The result should be an exact copy of only the lines from the one holding "Hotel Siesta Užice Dış mekan fotoğraf" through the last line of the data below, please, without pictures.

+ + +

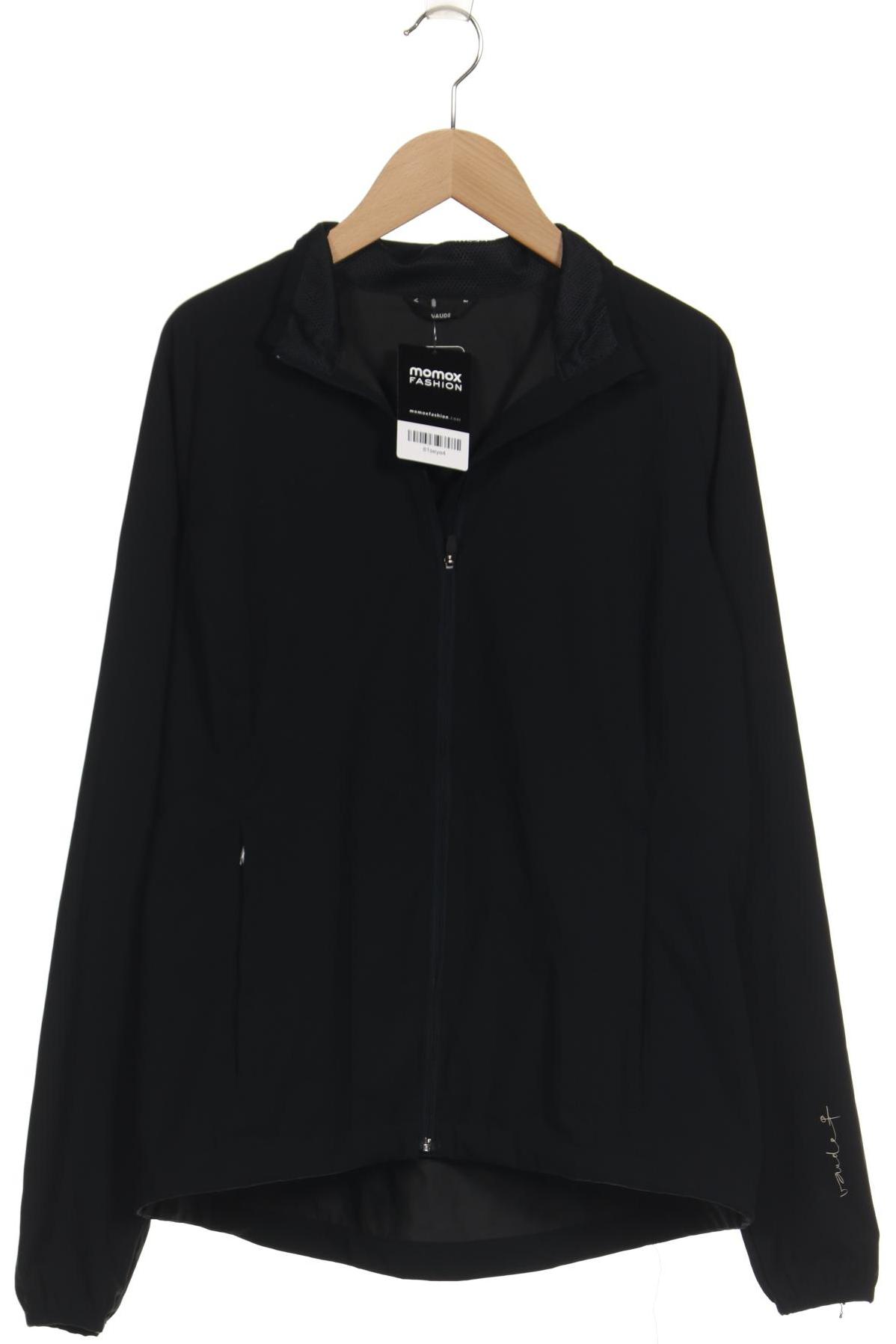 

Vaude Damen Jacke, schwarz, Gr. 40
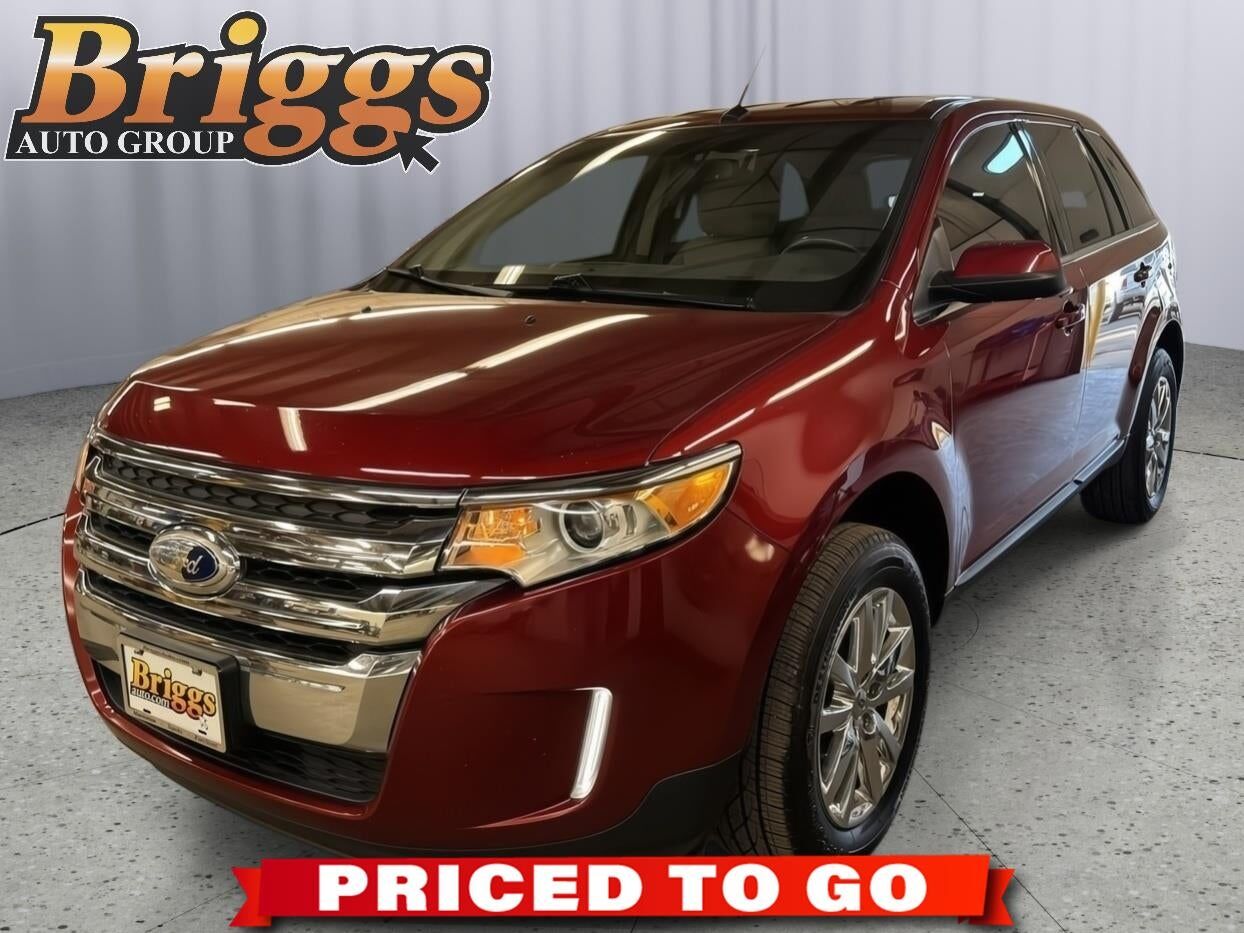 2014 FORD Edge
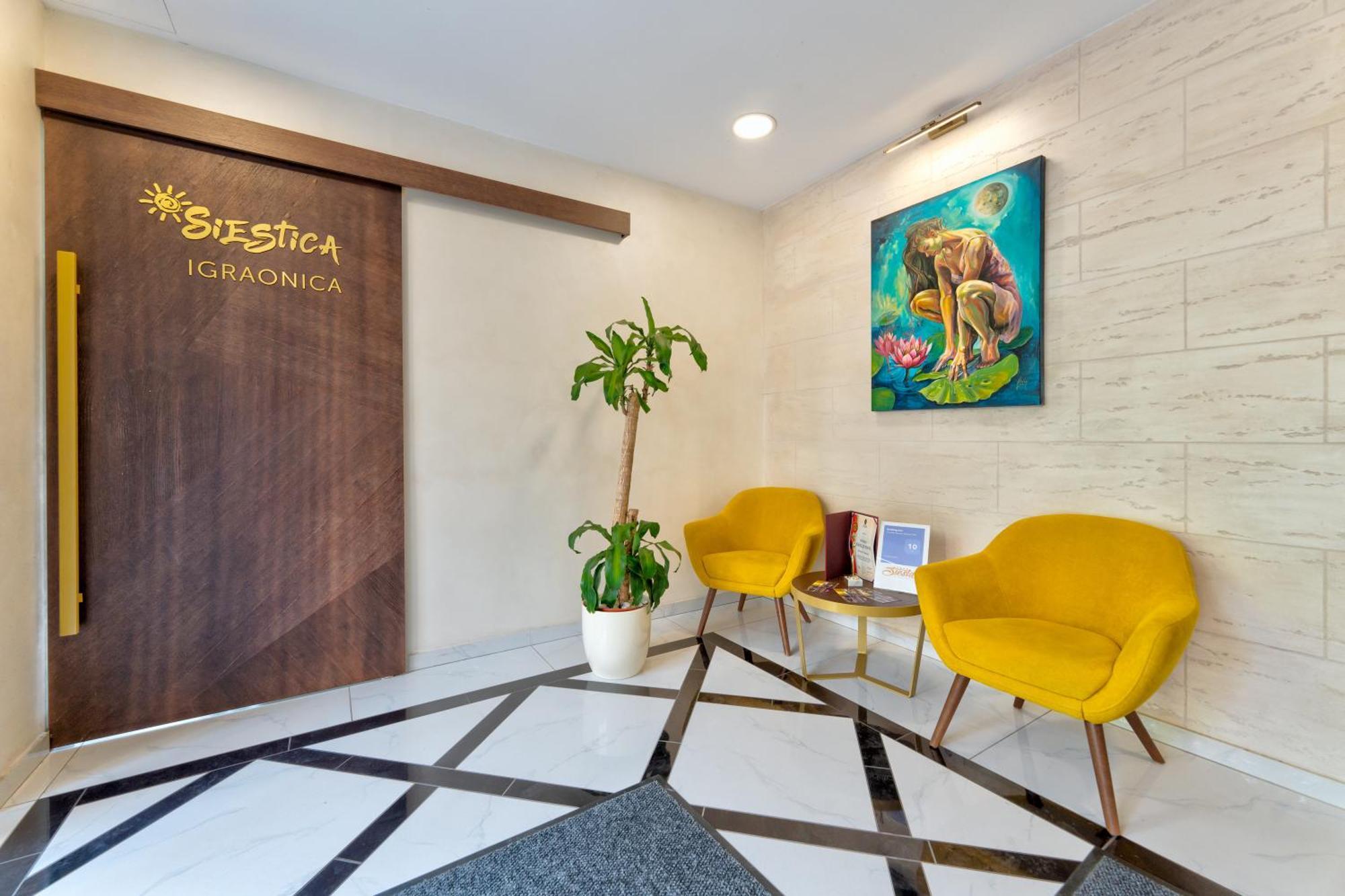 Hotel Siesta Užice Dış mekan fotoğraf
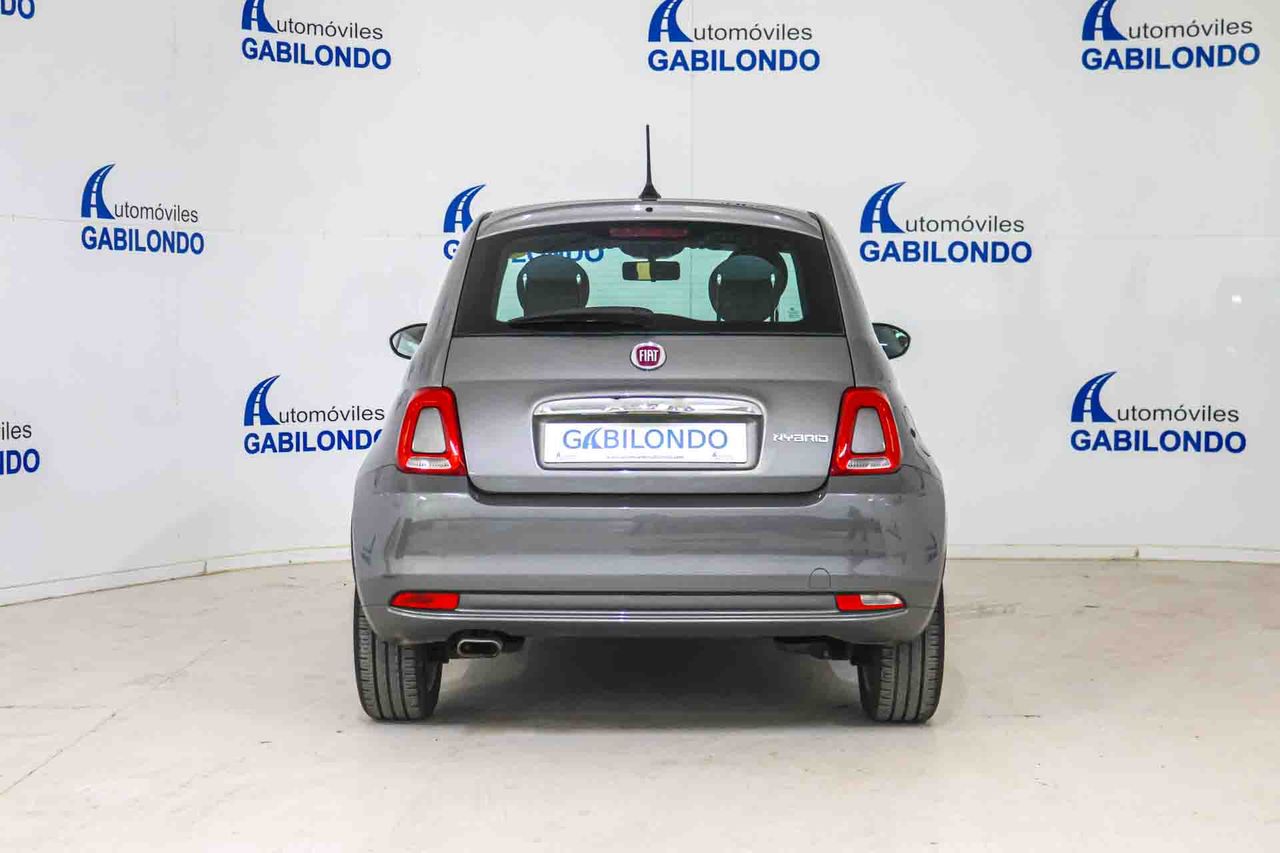 Fiat 500 Lounge 1.0 6v GSE 52KW (70 CV) - Foto 5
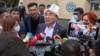 Askar Akaev claimed his greatest mistake "was to give consent to the [Kyrgyz] government to restructure the deal in 2003."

+ + +

RESPONSE:
 Hotel Siesta Užice Dış mekan fotoğraf
 Fiat 500 Lounge 1.0 6v GSE 52KW (70 CV) - Foto 5
 Askar Akaev claimed his greatest mistake "was to give consent to the [Kyrgyz] government to restructure the deal in 2003."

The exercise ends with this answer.